Return only the lines from the one that contains "Vazamento de foto" through the last line of the records below, exactly as they stand. Pictures are not part of the copy.

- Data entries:

_ _ _

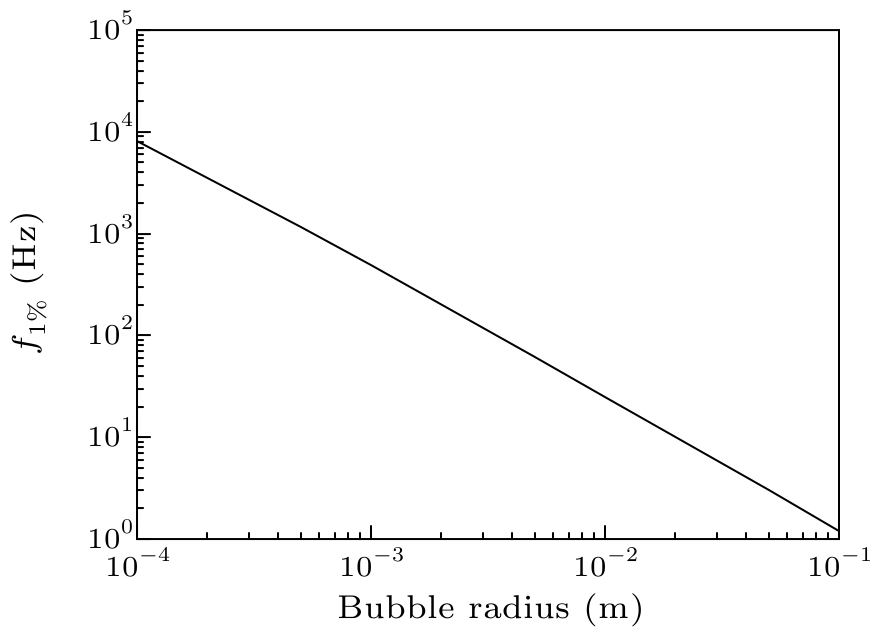 cpl-34-7-074702-fig2.png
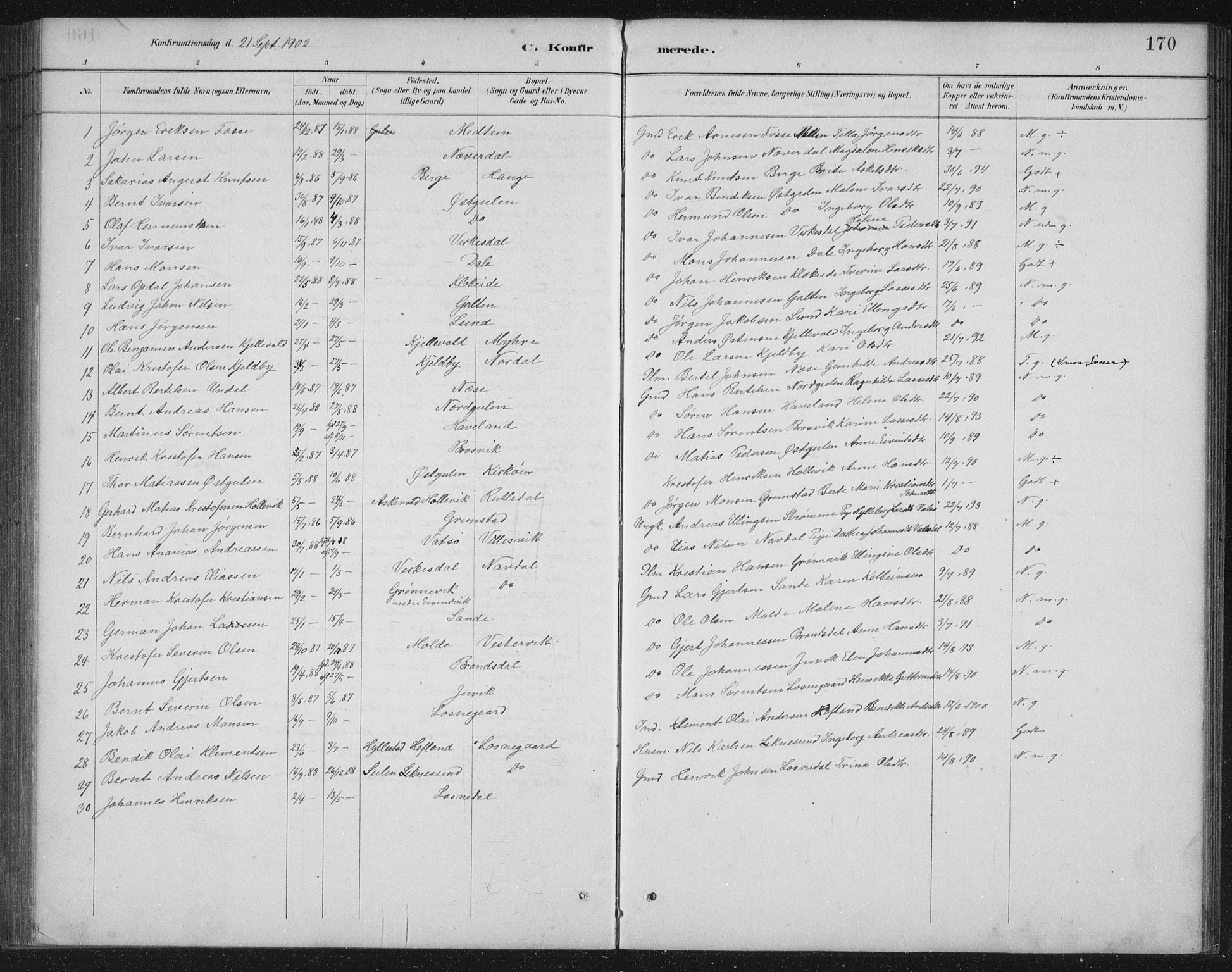 Gulen sokneprestembete, AV/SAB-A-80201/H/Hab/Habb/L0003: Klokkerbok nr. B 3, 1884-1907, s. 170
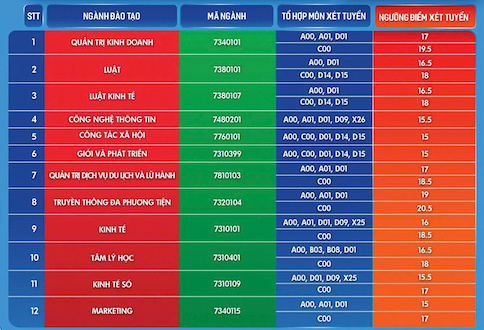 Diem san xet tuyen vao Hoc vien Phu nu Viet Nam nam theo diem thi tot nghiep THPT nam 2025. Anh: Hoc vien cung cap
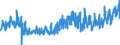 KN 18063290 /Exporte /Einheit = Preise (Euro/Tonne) /Partnerland: Tuerkei /Meldeland: Eur27_2020 /18063290:Schokolade und Andere Kakaohaltige Lebensmittelzubereitungen, in Form von Tafeln, Stangen Oder Riegeln, mit Einem Gewicht von <= 2 kg, Ohne Zusatz von Getreide, Früchten Oder Nüssen, Ungefüllt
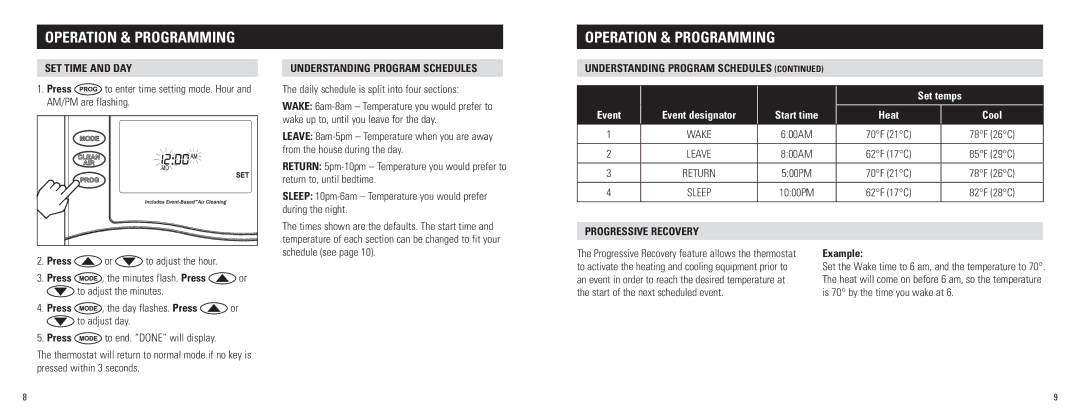 Aprilaire 8476 Set time and day, Understanding program schedules, Daily schedule is split into four sections, Example 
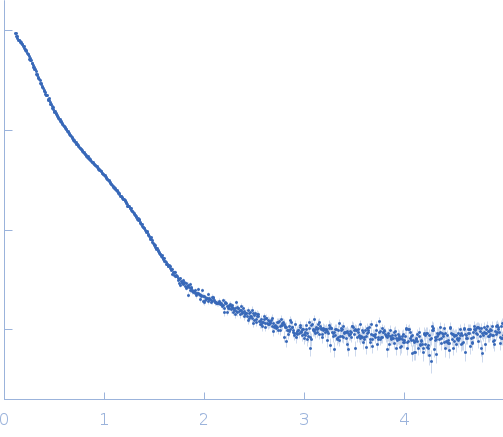 Chimeric constructs - XCC_E (AtCel9R-Jo-AtCel8A:AtXyn11A_In) experimental SAS data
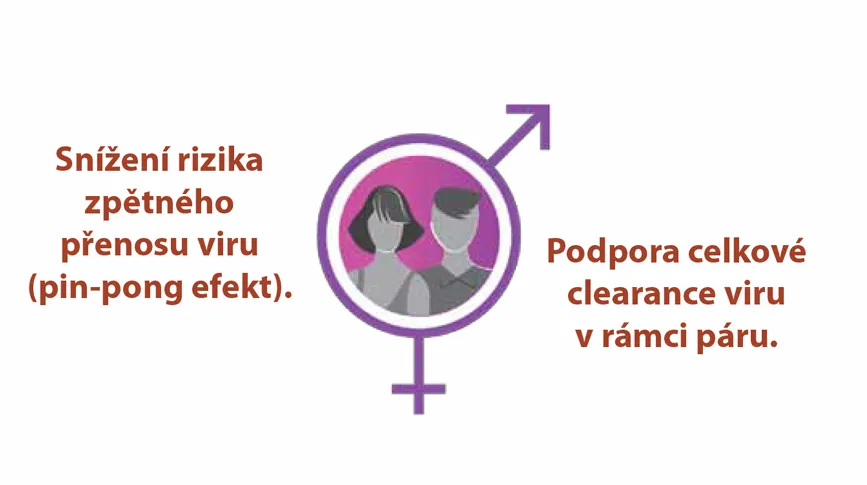 Infografika snížení rizika zpětného přenosu viru a podpora clearance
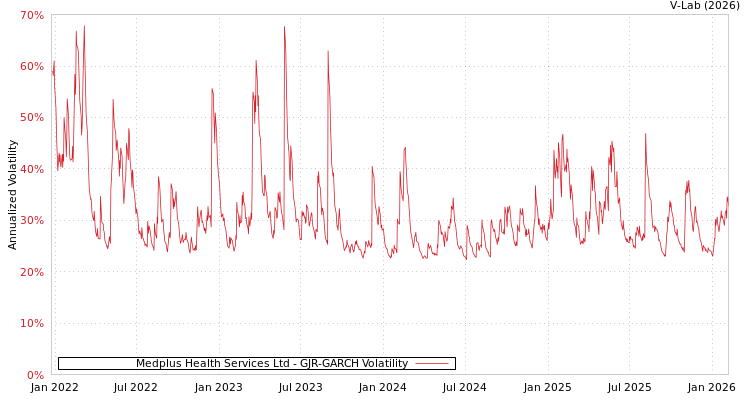 graph of Medplus Health Services Ltd GJR-GARCH
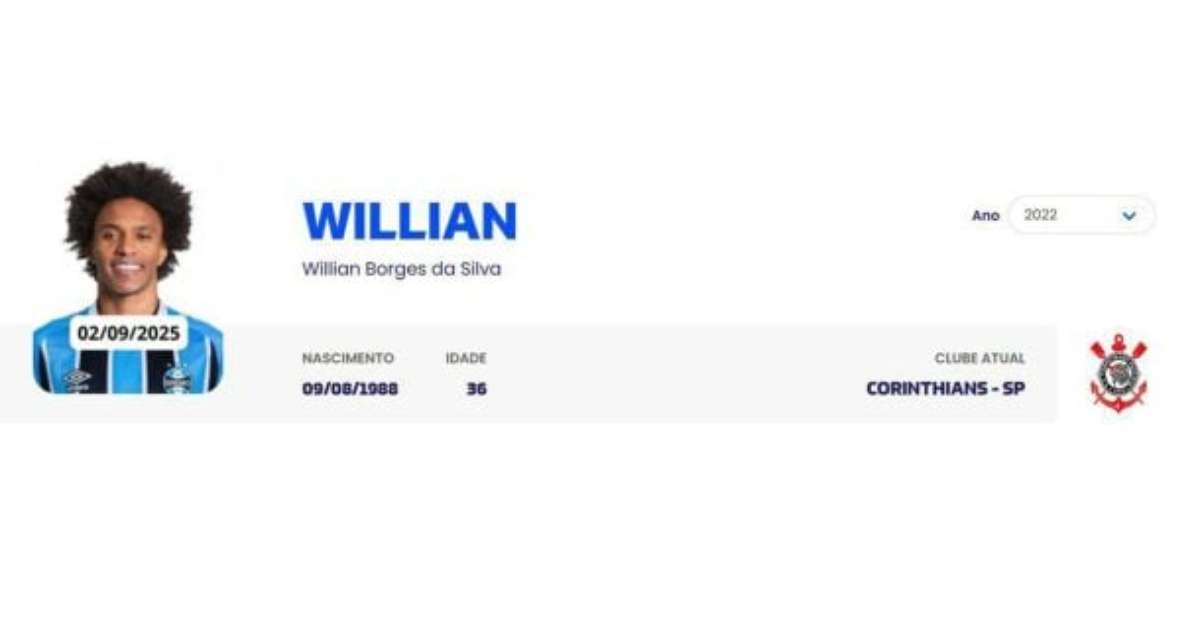 Vazamento de foto de Willian com a camisa do Grêmio agita o futebol.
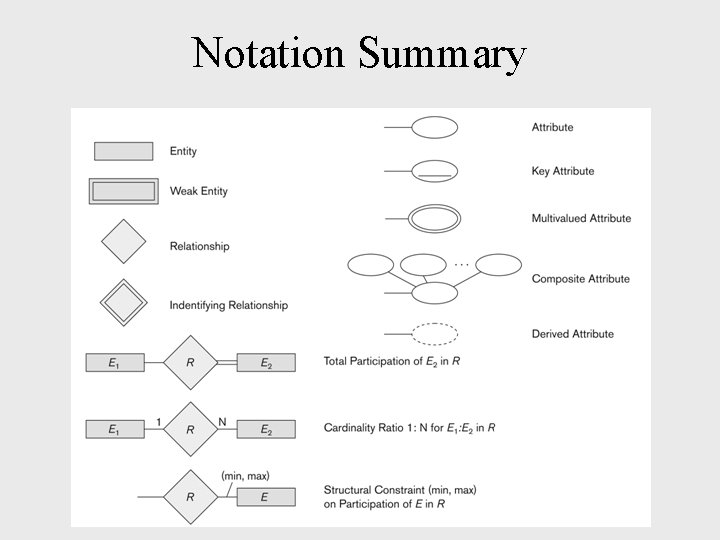 Notation Summary Notation Summary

_ _ _

- EXERCISE ANSWER:
 Vazamento de foto de Willian com a camisa do Grêmio agita o futebol.
 Notation Summary Notation Summary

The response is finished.